[Assigned task] Exactly the lines from the one with "Studies in Early Greek Theology" through the final line of the listing below should appear in the answer, and no others.
Given records START
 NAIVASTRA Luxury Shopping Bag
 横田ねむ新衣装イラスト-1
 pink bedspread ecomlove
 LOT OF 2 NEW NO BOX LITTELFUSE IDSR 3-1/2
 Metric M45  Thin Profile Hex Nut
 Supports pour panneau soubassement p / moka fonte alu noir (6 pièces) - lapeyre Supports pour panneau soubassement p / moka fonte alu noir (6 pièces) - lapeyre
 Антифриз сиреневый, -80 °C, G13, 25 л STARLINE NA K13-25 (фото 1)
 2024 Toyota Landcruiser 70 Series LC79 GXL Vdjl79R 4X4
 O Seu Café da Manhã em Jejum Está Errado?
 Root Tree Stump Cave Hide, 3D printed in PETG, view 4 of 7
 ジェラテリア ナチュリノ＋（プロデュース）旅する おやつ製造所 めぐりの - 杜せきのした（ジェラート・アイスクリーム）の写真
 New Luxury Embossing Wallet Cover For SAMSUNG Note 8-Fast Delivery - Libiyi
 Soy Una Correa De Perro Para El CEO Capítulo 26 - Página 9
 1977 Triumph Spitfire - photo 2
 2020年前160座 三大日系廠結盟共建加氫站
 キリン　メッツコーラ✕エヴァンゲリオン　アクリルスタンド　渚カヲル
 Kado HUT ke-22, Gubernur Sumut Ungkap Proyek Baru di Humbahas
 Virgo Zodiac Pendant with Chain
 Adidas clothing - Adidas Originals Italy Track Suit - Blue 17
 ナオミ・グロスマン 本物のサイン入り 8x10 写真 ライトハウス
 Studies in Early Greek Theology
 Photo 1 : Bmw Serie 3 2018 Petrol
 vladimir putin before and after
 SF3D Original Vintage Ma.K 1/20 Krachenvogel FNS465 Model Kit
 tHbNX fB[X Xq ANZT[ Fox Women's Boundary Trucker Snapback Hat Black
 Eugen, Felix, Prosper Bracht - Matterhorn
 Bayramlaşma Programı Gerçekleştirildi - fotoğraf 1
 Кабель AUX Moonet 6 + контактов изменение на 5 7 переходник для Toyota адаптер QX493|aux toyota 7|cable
Given records END
[Response area]
 Studies in Early Greek Theology
 Photo 1 : Bmw Serie 3 2018 Petrol
 vladimir putin before and after
 SF3D Original Vintage Ma.K 1/20 Krachenvogel FNS465 Model Kit
 tHbNX fB[X Xq ANZT[ Fox Women's Boundary Trucker Snapback Hat Black
 Eugen, Felix, Prosper Bracht - Matterhorn
 Bayramlaşma Programı Gerçekleştirildi - fotoğraf 1
 Кабель AUX Moonet 6 + контактов изменение на 5 7 переходник для Toyota адаптер QX493|aux toyota 7|cable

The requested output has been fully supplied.